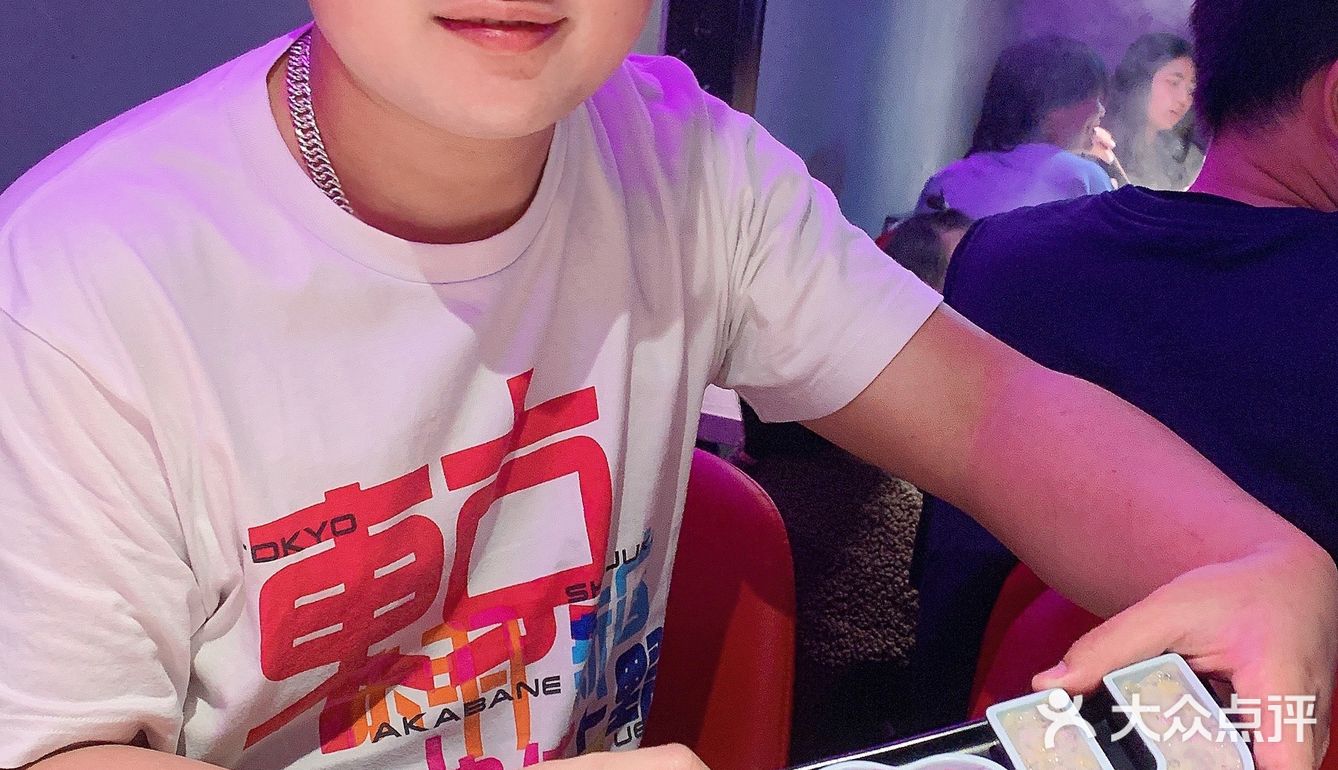 广州潮牌火锅店-火锅界的颜值天花板@小龙燚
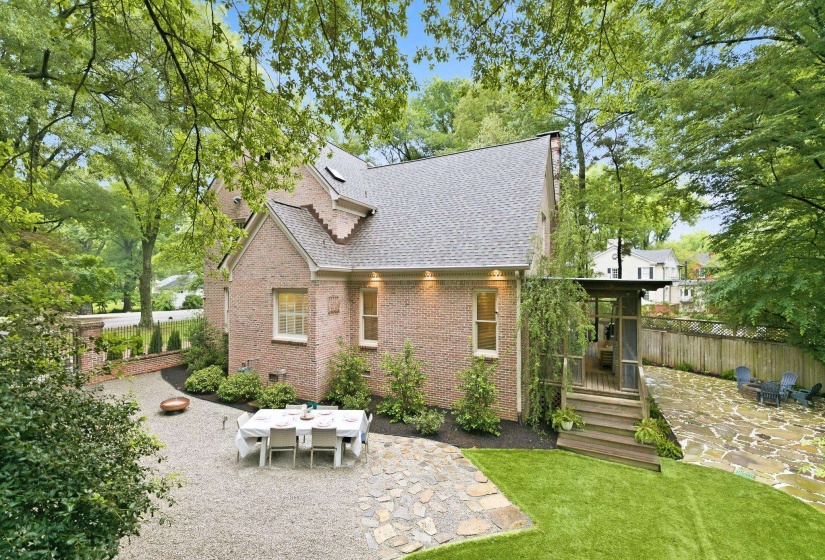 3557 GALLOWAY DR, Memphis, Tennessee 38111, 4 Bedrooms Bedrooms, 10 Rooms Rooms,3.1 BathroomsBathrooms,Residential,For Sale,GALLOWAY,10221156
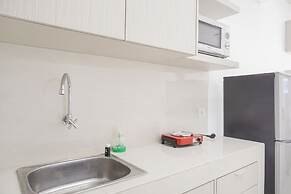 Fully Furnished Studio Apartment with Cozy Design Springwood Residence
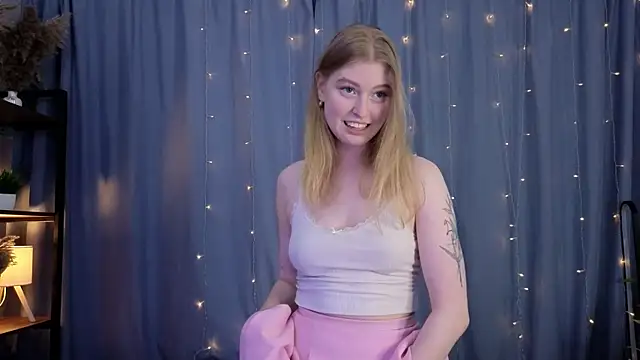 LanaRoxxy online show from 19, 4, 2026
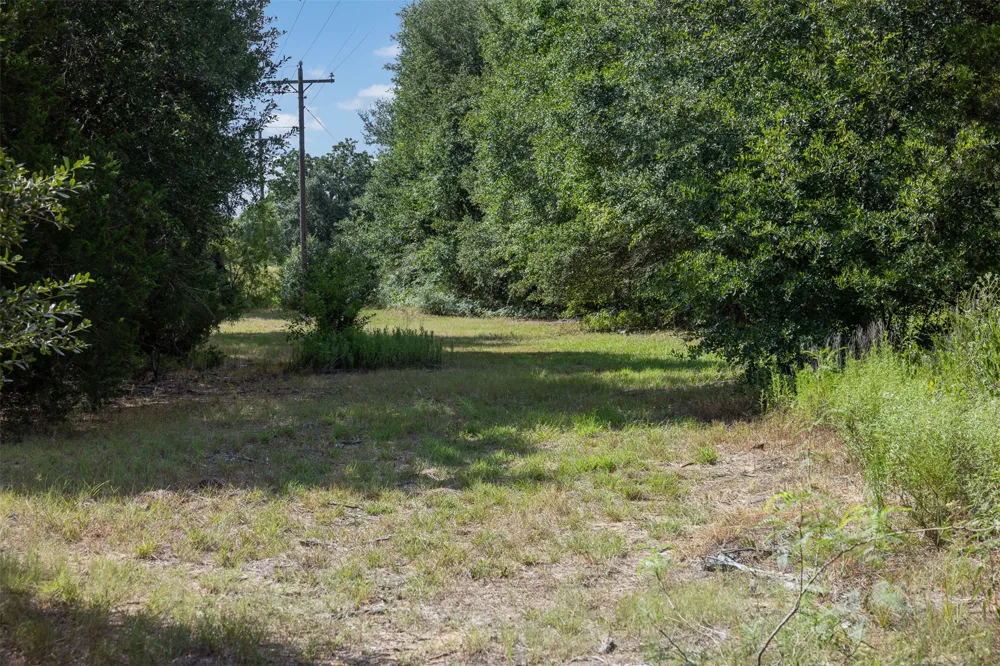 3555 County Road 430 Dime Box, TX 77853
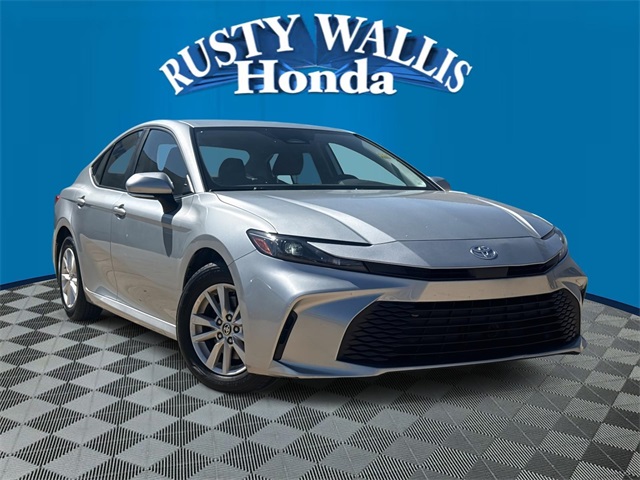 2025 Toyota Camry LE FWD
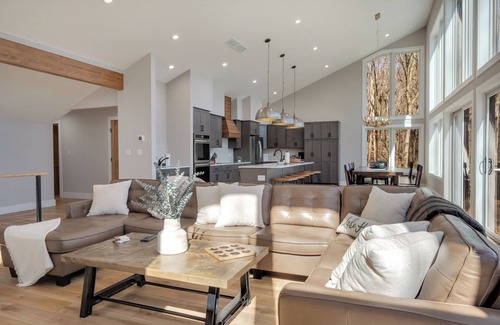 Lake Harmony Estates Casa | Lake Harmony Access - Swim/Beach, Arcade, Firepit, Outdoor Griddle, 8min to Ski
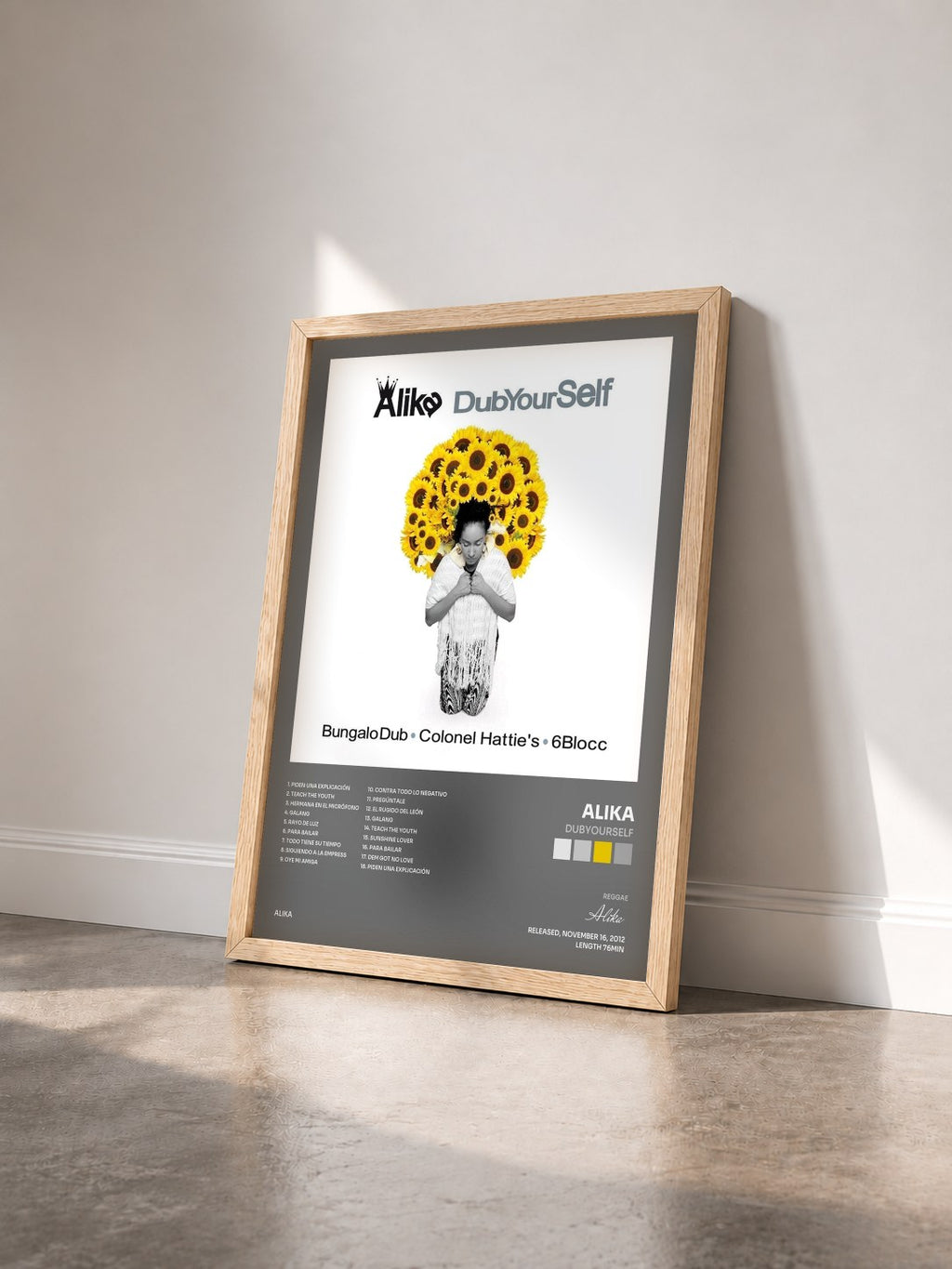#bois Tableau de l'album DubYourSelf de Alika vu de trois quarts, cadre en bois brut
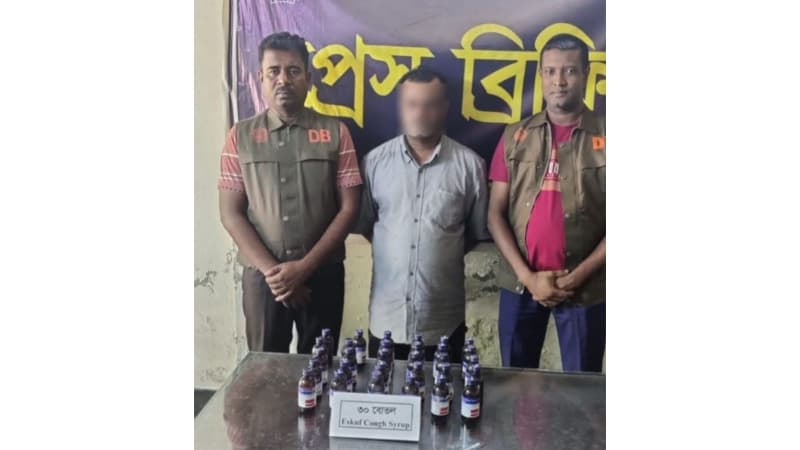 যশোরে ডিবির অভিযানে ৩০ বোতল ভারতীয় এসকাফ সিরাপসহ আটক ১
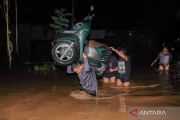 Banjir di Lumajang, warga mengungsi sambil panggul sepeda motor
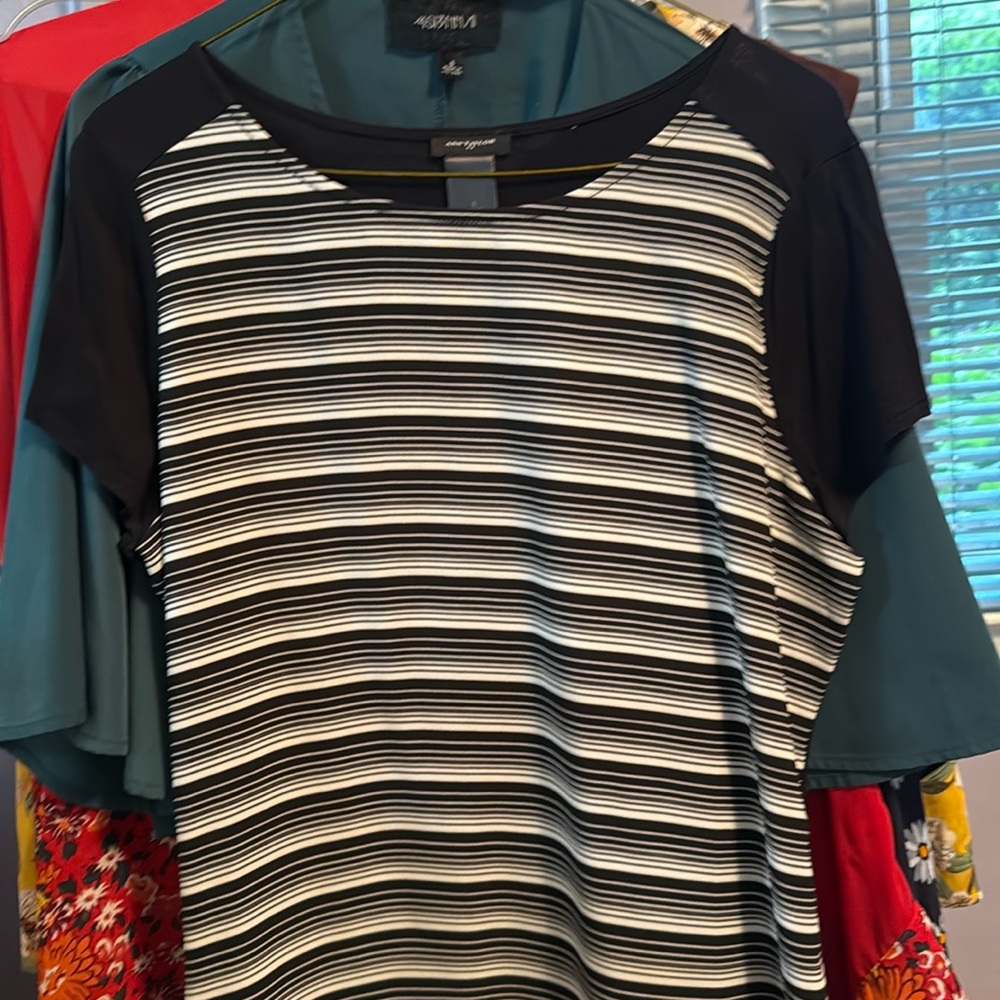 0157 - Shirt - @ParkSo25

→ **Exercise**
In the entries above, find the line with "3557 GALLOWAY DR, Memphis, Tennessee" and the line with "#bois Tableau de". Write out exactly those two lines and every line between them, pictures excluded.

→ **Result for this task**
 3557 GALLOWAY DR, Memphis, Tennessee 38111, 4 Bedrooms Bedrooms, 10 Rooms Rooms,3.1 BathroomsBathrooms,Residential,For Sale,GALLOWAY,10221156
 Fully Furnished Studio Apartment with Cozy Design Springwood Residence
 LanaRoxxy online show from 19, 4, 2026
 3555 County Road 430 Dime Box, TX 77853
 2025 Toyota Camry LE FWD
 Lake Harmony Estates Casa | Lake Harmony Access - Swim/Beach, Arcade, Firepit, Outdoor Griddle, 8min to Ski
#bois Tableau de l'album DubYourSelf de Alika vu de trois quarts, cadre en bois brut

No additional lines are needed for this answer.